Before a final determination concerning the bank's capital 
level could be fully implemented, they would want to know the 
bank's availability of other capital sources and if there were 
any plans to use those sources. They would also evaluate the 
possible adverse impacts of the bank not paying a dividend 
before taking action to prohibit such payment.
    If the Pittsburgh FHLBank had been regulated by one of the 
Federal bank regulators, I believe it very likely that bank 
examiners would have taken action to restrict or prohibit 
dividend payments, and most certainly would not have permitted 
a dividend payment that had to be subsidized with retained 
earnings. (For example, Federal law 12 U.S.C. 56 and 60 
restricts the payment of dividends by national banks; other 
bank charter types are subject to similar restrictions.) 
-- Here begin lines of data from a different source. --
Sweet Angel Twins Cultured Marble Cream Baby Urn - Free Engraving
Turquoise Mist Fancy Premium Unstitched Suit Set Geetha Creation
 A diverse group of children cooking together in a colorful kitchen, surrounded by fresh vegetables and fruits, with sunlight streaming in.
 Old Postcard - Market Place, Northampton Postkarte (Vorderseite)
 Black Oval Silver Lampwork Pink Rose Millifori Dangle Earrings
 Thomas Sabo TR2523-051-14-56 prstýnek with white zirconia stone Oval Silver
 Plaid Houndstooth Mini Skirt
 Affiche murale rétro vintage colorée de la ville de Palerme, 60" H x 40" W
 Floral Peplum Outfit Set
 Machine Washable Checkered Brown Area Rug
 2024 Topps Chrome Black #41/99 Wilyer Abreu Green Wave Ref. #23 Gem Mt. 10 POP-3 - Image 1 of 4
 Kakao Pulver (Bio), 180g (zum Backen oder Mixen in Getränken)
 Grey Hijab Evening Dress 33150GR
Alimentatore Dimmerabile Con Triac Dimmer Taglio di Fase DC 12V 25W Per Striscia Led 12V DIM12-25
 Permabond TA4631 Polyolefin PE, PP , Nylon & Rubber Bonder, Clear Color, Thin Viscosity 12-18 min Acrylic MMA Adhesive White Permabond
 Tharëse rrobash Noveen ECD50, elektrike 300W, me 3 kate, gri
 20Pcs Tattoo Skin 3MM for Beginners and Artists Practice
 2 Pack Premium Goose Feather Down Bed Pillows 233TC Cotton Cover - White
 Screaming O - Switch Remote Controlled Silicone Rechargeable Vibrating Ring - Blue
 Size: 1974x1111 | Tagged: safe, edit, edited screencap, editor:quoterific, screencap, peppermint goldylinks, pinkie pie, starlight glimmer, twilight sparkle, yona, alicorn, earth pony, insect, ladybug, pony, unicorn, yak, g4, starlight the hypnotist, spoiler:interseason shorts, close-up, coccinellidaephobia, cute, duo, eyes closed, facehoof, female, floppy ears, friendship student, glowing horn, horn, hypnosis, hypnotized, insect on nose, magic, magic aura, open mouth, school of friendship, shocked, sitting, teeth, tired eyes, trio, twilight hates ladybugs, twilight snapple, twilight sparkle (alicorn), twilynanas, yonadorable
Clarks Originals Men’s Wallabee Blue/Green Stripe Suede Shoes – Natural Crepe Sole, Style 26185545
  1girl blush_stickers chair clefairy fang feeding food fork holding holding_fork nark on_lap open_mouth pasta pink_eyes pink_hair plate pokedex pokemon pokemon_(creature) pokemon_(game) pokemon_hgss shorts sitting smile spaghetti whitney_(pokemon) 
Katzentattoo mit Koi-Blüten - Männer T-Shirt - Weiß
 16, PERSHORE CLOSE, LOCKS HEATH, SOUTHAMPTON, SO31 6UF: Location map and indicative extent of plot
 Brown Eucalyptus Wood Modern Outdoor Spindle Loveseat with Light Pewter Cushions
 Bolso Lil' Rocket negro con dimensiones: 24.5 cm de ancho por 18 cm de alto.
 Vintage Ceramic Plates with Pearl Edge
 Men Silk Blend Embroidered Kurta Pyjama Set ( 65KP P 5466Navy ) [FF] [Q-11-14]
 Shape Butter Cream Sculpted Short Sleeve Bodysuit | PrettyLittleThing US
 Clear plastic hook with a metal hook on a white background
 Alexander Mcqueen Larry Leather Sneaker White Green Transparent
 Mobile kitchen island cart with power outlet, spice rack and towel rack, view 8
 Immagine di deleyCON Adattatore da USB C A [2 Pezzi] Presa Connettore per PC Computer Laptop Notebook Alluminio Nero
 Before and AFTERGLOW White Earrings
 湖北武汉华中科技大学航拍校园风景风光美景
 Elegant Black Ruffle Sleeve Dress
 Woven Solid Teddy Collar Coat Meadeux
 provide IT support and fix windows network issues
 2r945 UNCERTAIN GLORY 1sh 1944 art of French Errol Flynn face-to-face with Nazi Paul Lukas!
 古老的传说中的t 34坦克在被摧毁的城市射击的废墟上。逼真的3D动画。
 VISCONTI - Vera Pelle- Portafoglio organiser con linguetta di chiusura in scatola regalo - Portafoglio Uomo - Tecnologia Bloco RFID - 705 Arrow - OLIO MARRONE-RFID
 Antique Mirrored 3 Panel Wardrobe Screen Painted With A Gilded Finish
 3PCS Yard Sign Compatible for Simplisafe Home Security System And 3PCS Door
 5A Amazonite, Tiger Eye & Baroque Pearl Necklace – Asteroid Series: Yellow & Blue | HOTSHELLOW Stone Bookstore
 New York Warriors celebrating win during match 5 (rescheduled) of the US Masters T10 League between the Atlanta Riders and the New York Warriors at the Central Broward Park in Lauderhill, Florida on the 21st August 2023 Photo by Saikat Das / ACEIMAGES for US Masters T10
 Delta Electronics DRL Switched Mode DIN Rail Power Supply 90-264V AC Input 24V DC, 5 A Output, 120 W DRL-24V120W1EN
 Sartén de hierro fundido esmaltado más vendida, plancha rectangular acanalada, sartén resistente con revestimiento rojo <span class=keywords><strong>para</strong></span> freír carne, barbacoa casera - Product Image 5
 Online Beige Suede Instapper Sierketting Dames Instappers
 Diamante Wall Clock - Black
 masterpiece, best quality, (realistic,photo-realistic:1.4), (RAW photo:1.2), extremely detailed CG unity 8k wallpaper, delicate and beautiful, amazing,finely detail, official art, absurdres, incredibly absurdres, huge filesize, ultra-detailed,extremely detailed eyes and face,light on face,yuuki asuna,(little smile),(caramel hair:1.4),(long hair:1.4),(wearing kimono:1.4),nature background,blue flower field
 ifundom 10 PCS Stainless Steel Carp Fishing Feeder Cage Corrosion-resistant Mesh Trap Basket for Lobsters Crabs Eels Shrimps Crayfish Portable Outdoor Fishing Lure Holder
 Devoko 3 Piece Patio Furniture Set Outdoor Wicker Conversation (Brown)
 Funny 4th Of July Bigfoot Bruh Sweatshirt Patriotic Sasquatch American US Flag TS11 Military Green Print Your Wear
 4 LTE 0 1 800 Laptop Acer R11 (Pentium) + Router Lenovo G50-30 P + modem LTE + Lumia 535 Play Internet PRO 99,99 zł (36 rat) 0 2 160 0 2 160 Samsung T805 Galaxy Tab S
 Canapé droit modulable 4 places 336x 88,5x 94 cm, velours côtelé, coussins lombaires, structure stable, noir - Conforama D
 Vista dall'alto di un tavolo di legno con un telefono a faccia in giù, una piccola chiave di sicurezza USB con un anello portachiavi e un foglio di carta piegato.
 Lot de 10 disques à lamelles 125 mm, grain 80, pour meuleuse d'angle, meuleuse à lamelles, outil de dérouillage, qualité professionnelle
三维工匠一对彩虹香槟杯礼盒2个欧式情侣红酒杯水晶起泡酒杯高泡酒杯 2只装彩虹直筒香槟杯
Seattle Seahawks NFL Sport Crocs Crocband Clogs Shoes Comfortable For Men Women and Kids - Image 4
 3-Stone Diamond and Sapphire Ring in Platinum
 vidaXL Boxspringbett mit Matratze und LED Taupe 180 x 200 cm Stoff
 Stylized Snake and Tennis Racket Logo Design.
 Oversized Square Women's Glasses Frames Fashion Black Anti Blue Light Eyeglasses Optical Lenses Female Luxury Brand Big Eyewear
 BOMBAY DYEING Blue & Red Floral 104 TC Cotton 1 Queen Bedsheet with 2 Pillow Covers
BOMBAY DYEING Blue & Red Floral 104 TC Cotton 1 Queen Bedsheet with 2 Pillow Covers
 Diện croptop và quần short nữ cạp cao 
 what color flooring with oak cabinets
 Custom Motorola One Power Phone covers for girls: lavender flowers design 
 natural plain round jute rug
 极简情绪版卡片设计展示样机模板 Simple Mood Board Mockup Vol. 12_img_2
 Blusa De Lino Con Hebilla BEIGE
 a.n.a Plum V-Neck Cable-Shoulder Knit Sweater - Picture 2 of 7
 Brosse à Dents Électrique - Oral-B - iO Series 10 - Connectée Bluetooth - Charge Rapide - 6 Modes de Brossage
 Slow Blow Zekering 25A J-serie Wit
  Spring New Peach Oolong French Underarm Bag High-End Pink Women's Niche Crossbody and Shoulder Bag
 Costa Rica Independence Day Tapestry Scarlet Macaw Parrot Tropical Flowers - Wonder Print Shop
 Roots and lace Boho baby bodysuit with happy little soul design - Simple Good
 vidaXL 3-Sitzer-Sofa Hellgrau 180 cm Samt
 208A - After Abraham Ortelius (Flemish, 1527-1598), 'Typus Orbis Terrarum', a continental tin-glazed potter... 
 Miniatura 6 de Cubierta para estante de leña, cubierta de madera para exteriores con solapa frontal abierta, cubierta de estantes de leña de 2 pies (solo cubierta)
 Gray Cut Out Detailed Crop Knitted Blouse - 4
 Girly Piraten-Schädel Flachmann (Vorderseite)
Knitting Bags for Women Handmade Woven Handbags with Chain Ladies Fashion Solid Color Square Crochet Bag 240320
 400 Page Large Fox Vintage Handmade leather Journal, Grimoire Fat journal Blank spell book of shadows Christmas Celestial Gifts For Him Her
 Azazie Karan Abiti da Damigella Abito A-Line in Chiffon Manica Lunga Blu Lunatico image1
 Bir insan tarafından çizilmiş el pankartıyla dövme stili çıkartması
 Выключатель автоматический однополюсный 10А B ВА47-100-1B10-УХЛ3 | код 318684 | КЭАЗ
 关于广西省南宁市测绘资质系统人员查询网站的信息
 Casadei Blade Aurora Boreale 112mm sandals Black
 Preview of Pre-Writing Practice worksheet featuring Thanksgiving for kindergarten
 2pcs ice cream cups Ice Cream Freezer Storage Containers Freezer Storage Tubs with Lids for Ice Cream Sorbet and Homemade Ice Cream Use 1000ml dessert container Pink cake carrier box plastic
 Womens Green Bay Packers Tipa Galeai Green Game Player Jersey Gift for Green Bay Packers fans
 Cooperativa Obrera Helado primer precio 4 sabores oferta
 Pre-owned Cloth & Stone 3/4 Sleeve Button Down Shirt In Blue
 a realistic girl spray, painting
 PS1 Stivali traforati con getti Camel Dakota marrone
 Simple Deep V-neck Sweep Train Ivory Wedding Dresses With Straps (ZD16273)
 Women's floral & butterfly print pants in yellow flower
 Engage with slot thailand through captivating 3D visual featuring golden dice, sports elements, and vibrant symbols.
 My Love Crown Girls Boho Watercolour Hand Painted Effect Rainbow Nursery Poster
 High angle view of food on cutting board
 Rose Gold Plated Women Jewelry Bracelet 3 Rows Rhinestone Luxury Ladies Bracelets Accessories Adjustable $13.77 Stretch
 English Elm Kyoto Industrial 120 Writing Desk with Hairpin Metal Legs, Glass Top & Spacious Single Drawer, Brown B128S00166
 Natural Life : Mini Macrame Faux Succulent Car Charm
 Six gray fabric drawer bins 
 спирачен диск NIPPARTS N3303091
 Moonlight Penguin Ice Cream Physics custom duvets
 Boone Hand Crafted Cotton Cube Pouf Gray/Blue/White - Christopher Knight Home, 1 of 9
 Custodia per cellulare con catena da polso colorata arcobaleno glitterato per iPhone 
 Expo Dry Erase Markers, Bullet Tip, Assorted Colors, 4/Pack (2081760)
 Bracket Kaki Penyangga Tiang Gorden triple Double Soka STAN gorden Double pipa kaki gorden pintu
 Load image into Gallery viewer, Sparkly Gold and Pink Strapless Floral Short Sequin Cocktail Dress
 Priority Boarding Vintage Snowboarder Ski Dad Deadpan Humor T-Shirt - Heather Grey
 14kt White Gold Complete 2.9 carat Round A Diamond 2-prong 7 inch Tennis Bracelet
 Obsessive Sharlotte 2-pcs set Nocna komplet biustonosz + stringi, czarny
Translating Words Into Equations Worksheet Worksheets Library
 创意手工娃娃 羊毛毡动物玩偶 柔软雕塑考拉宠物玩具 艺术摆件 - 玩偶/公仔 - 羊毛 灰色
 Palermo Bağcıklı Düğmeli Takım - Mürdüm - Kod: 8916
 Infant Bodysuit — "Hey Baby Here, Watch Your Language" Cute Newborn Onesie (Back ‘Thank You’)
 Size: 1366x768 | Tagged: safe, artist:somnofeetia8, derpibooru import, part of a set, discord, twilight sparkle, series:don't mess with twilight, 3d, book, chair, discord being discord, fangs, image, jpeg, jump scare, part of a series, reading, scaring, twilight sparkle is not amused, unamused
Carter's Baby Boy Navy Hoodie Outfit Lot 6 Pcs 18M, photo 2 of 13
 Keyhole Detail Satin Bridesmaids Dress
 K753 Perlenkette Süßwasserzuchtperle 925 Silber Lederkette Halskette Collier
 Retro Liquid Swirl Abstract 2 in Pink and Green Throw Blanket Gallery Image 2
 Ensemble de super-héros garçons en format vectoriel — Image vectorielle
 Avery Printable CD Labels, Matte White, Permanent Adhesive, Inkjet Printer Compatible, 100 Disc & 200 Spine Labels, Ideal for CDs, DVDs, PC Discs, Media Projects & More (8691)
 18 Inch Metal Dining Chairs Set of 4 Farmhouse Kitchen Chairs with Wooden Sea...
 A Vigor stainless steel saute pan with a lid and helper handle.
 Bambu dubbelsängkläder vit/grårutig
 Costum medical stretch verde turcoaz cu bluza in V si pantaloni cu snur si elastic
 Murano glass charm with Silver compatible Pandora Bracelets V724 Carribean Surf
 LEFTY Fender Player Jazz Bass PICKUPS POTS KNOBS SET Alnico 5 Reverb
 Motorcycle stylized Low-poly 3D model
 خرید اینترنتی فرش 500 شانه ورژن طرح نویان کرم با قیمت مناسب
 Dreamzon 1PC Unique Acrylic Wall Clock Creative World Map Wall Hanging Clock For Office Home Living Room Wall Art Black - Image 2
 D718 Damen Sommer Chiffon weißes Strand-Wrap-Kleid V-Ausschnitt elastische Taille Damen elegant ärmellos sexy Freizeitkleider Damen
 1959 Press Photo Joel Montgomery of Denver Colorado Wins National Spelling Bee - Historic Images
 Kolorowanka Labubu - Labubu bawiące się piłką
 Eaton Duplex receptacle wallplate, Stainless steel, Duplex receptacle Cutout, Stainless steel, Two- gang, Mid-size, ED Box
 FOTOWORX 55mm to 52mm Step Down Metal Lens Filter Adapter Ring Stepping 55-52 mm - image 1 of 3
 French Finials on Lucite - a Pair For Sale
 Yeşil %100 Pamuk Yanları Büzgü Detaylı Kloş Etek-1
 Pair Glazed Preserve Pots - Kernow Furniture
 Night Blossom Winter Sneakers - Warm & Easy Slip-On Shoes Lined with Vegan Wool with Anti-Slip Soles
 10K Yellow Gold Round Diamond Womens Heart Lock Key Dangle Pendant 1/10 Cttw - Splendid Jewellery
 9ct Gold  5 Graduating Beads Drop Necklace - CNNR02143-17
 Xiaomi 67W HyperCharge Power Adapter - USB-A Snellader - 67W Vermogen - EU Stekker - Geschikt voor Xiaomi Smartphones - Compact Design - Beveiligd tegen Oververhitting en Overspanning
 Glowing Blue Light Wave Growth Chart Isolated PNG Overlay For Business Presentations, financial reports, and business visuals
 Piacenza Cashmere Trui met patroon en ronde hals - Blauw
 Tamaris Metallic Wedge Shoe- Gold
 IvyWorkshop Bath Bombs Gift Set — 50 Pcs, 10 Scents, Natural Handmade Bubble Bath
Rather, Federal bank examiners likely would have acted to 
restrict asset growth, while protecting capital to cushion 
against further losses, and taken action to address any 
underlying unsafe and unsound practices that caused or 
contributed to the bank's undercapitalized condition, including 
restricting the bank's ability to enter into new contracts or 
engaging in new business lines. This would be particularly true 
if the earnings problems were associated with exponential 
growth in a new, higher-risk activity and were expected to 
persist, which is the case in Pittsburgh. The Pittsburgh 
FHLBank grew MPF loans from about $2 billion at June 30, 2002 
to over $9 billion at June 30, 2003 and is predicting 
protracted constraints on earnings arising from losses 
associated with prepayments on its mortgage portfolio. And of 
course, the Pittsburgh Bank just announced that it is now 
estimating a third quarter GAAP net loss of $6.5 million.